[Opening Records shown section]

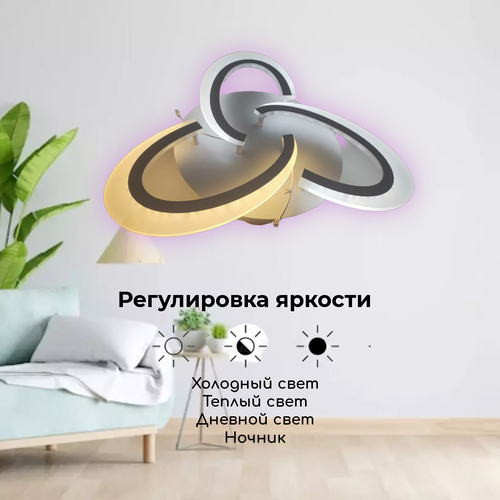 Люстра светодиодная потолочная c пультом Talmet 160W DCL209-WHITE/WHITE-220-IP20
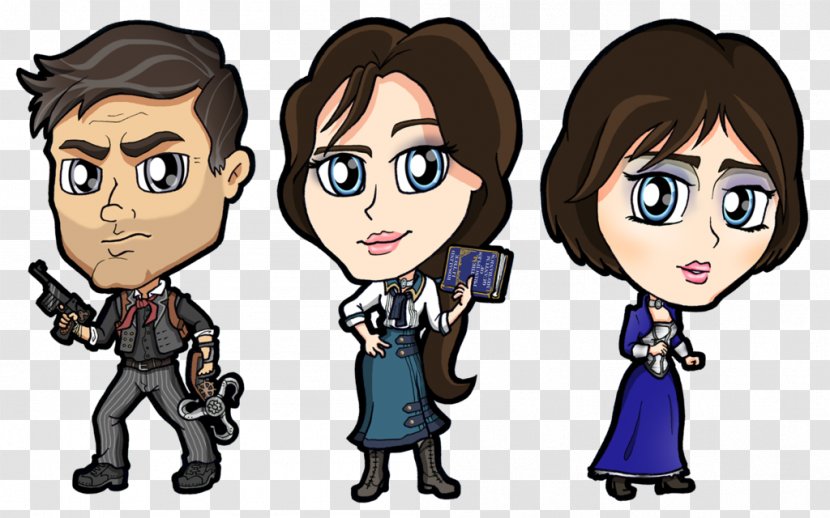 BioShock Infinite: Burial At Sea Elizabeth Rapture Booker DeWitt Robert Lutece - Silhouette - Cartoon Transparent PNG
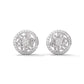 Diamond Cluster Stud Silver Earrings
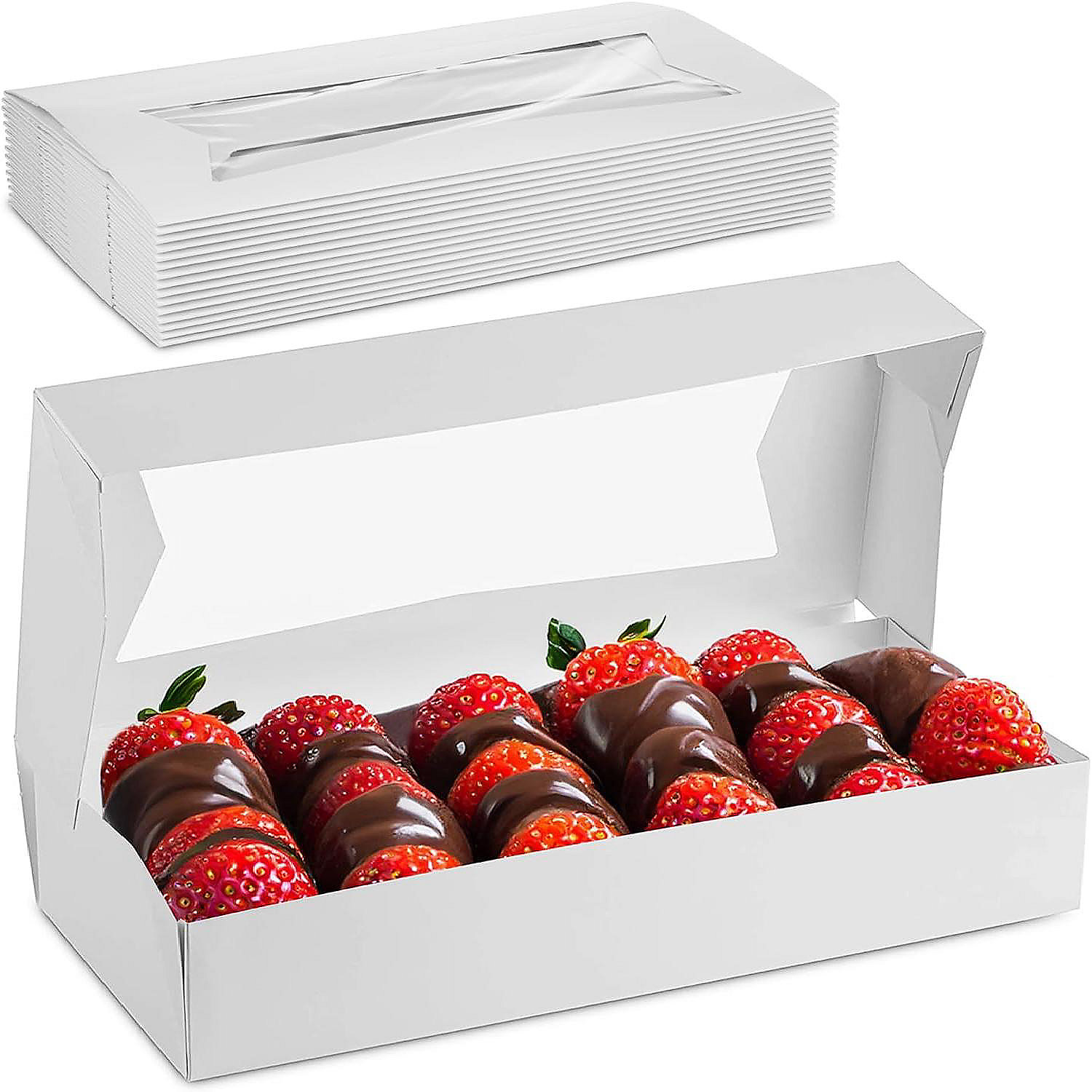 MT Products Cookie Box AutoPopup White Long Bakery Boxes with Window 12.5" x 5.5" x 2.25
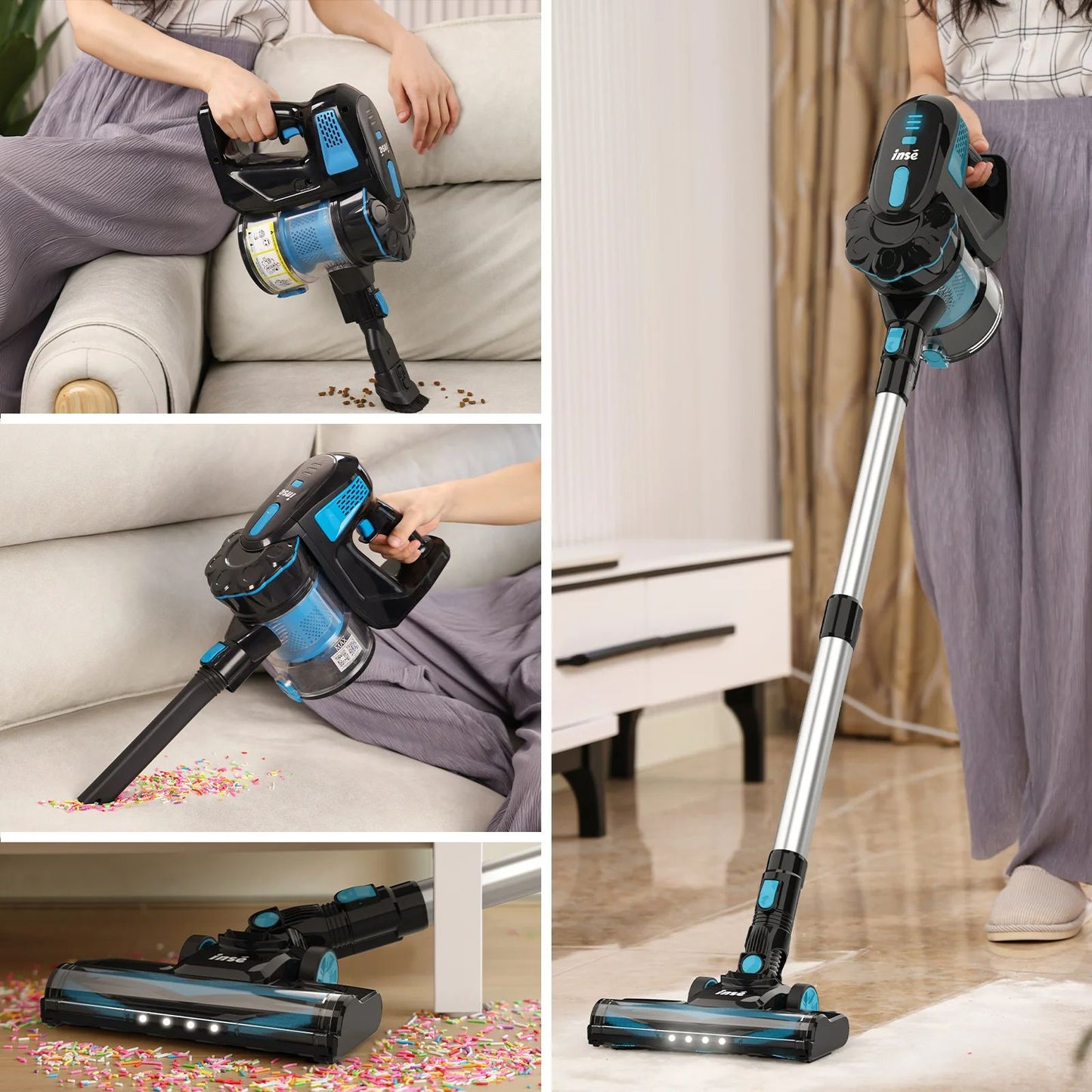 Cordless Stick Vacuum Cleaner Powerful Suction Lightweight for Household, Pet Hair, Carpet & Floor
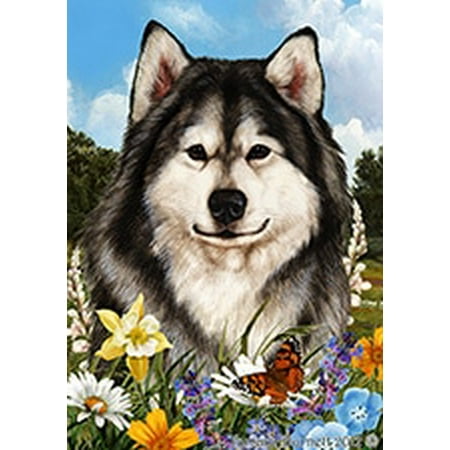 Alaskan Malamute - Best of Breed Summer Flowers Garden Flags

[Closing Records shown section]

● **Try it**
The line that contains "Diamond Cluster Stud Silver Earrings" opens the part to copy, and the last line of the records closes it; set down those lines exactly, pictures excluded.

● **Task output**
 Diamond Cluster Stud Silver Earrings
 MT Products Cookie Box AutoPopup White Long Bakery Boxes with Window 12.5" x 5.5" x 2.25
 Cordless Stick Vacuum Cleaner Powerful Suction Lightweight for Household, Pet Hair, Carpet & Floor
 Alaskan Malamute - Best of Breed Summer Flowers Garden Flags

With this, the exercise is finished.